I confess that until walking next to the sculpture and logging onto the website I was under the mistaken impression that “WanderATX” was an audio walking tour, like Detour, the buzzed about app that uses a phone’s GPS tracker to guide users on richly-produced audio tours. That is, I was thinking “WanderATX” might be an intricately plotted, maybe even interactive, tour narrated by someone who whispers stories into your headphones as you walk.
But “WanderATX” is for a library after all, so the app’s creators — designers and architects Chris Gannon, Chadwick Wood, and Brockett Davidson — designed a beautiful map and hired writers to put short stories on your phone.
The site has four stories, two for adults, two for kids. In “Time Machine Freak Out!” by Lucas Schaefer, the red “Beacon” sculpture is a time machine and you’re on a mission to find someone named Dolores, a time traveler. And like the popular children’s gamebook series “Choose Your Own Adventure” you’re given a choice between plot lines, in this case one involving a horse and another involving buffalo.
I clicked ‘buffalo’ at the Margaret Moser Plaza and the map directed me to walk to the edge of Shoal Creek and West Third Street.
Here, the story said we had landed in 1730 and were witnessing an original encounter between Spanish missionaries and Tonkawa native Americans. “Hope you like horses, kid, because you’ve got five of them coming your way, and they’re carrying quite a crew on their backs: two soldiers in knight’s helmets, two men in brown robes and sandals, and even a nun!
“Either you’ve found five grown-ups who really get into Halloween, or you’ve stumbled upon Spanish missionaries.”
After just a few paragraphs though, my choices took me on a radically different path, almost half a mile across the South First Street bridge. There the story launched forward to 1920s Austin and to the imaginary site of a working farm on the bank of the Colorado River run by a Mary Rutherford. In classic “Choose your Own Adventure” tradition, this was a dead end. I was out of range of the time machine and was stuck for the foreseeable future doing chores for Mrs. Rutherford.
To get to a more satisfying ending would require circling back and taking the other fork, which on the map was several blocks east on Sixth Street. And herein lies the issue: that’s a long walk for a few narrative bites, maybe 20 paragraphs of story. In other words 20 or 30 minutes of walking nets you maybe five minutes of story.
Next I tried an adult story, “The Lost Bowie Silver,” by Jessica Topacio Long, an intense encounter with a confused Jim Bowie, who, at least in my version, ends up chasing you, eponymous blade in hand, until you are (delightfully) devoured in a violent encounter with opossums. It’s a wonderful story complete with gnarly art by Matt Rebholz. But again, it’s a long aimless walk for the payoff.

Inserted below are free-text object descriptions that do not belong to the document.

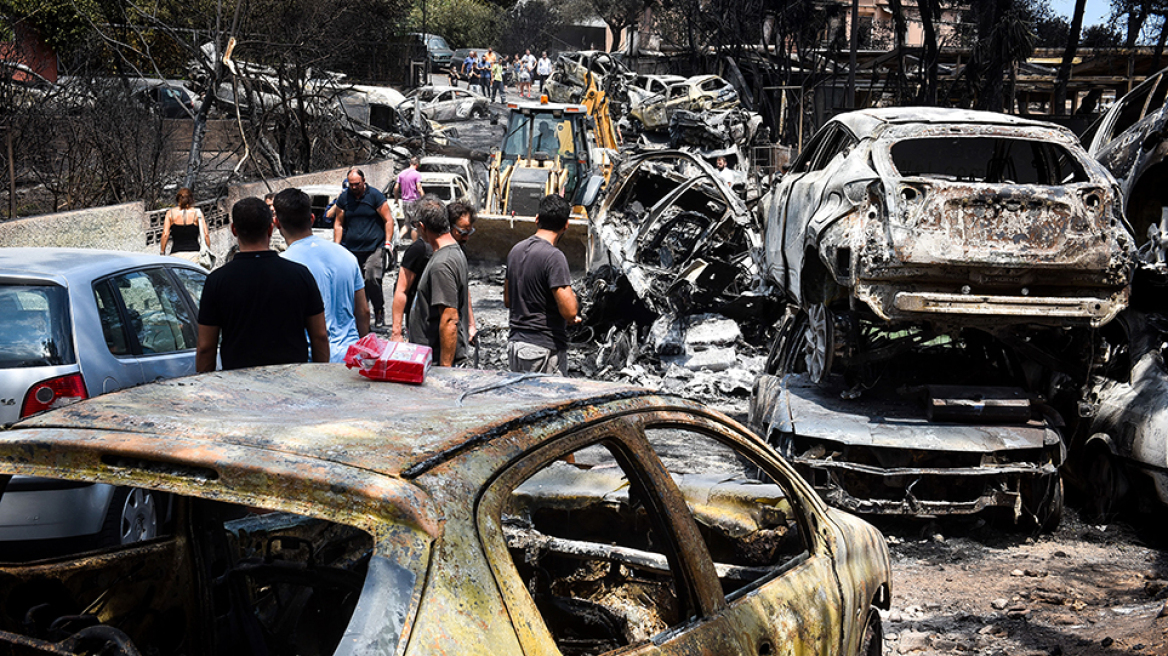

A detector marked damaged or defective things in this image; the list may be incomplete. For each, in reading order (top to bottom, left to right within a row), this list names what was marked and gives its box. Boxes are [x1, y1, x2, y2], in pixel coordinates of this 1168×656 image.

burned car [404, 84, 490, 121]
burned car [584, 148, 784, 350]
burnt car shell [761, 109, 1135, 329]
burned car [761, 107, 1135, 382]
rusted car roof [13, 364, 649, 478]
burnt car shell [0, 361, 883, 653]
burned car [0, 364, 883, 653]
burnt tire [854, 602, 878, 653]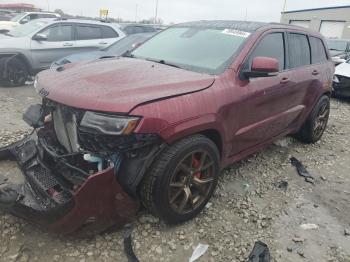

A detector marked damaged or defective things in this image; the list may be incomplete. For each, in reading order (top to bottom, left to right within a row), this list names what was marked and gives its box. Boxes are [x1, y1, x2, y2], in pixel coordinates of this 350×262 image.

crushed front bumper [0, 133, 139, 235]
front end damage [0, 99, 161, 234]
damaged headlight assembly [80, 111, 139, 135]
dented hood [37, 57, 215, 113]
damaged jeep grand cherokee [0, 20, 334, 233]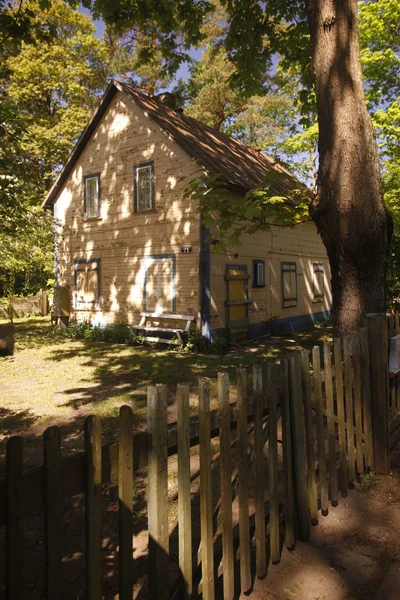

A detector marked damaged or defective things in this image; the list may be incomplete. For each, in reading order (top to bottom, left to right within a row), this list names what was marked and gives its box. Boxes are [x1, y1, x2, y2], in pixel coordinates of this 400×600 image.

rusty metal roof [43, 79, 306, 210]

Writing this now it occurs to me that “WanderATX” sounds quite fantastical, and it might have been, with little more attention to purpose.
If you haven’t taken a Detour audio tour yet, you should. Austin has one of the best, a story about the so-called servant girl murders, which leads you on a surprising tour of downtown shops, back alleys, and leaves you to leaf through documents at the Austin History Center. It’s beautifully narrated by actor Barbara Chisholm, so the story’s in your ears, along with music and explicit directions. Here too, you travel some ground on foot, but each stop on the tour is picked for an explicit reason, and you get plenty of story or music (by Shakey Graves, no less) while you make it to the next stop. In short, it’s an experience.
By contrast, reading brief pieces of stories doesn’t quite take the opportunities of the medium — the smartphone — to immerse you in each location by asking you to, say, stop on a specific spot on a bridge or grab a specific tree branch or direct you to see something that you never would have looked at except on this experience.
While joggers, cyclists, construction workers, and cars buzz around you, reading a few paragraphs on your phone seems static.
“WanderATX” ia a great concept but do its stories need a smartphone and a website? It almost seems as though a piece of paper and a map could work.